EXERCISE: Extract the full listing verbatim and drop any pictures from your copy.

TASK MATERIAL:

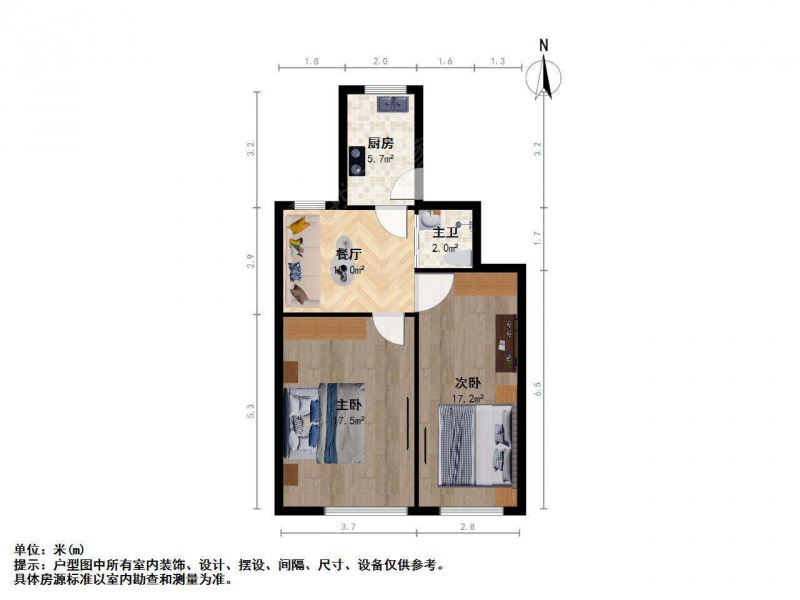 南京我爱我家新街口商圈张府园曹都巷三元巷洪公祠明瓦朗附近第9张图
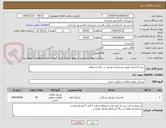 تصویر کوچک آگهی خرید لاستیک طبق مشخصات موجود در برگه استعلام
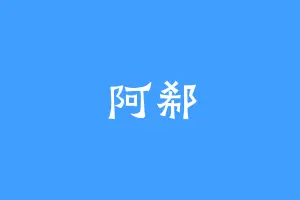 阿郗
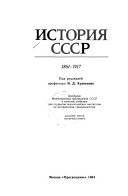Istorii͡a SSSR: 1861-1917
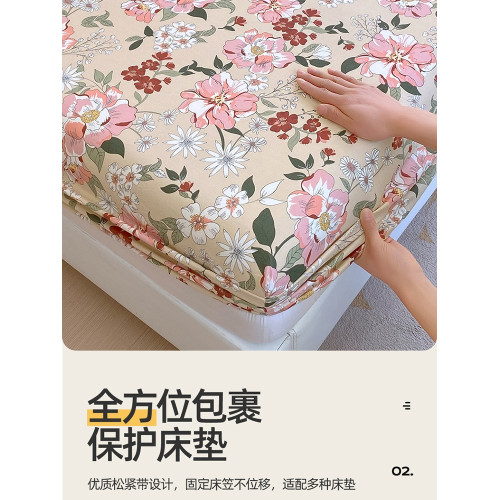 雅芳婷全棉床笠單件1.2m1.5m1.8m2m床單人雙人學生卡通床笠床墊套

SOLUTION:
 南京我爱我家新街口商圈张府园曹都巷三元巷洪公祠明瓦朗附近第9张图
 تصویر کوچک آگهی خرید لاستیک طبق مشخصات موجود در برگه استعلام
 阿郗
Istorii͡a SSSR: 1861-1917
 雅芳婷全棉床笠單件1.2m1.5m1.8m2m床單人雙人學生卡通床笠床墊套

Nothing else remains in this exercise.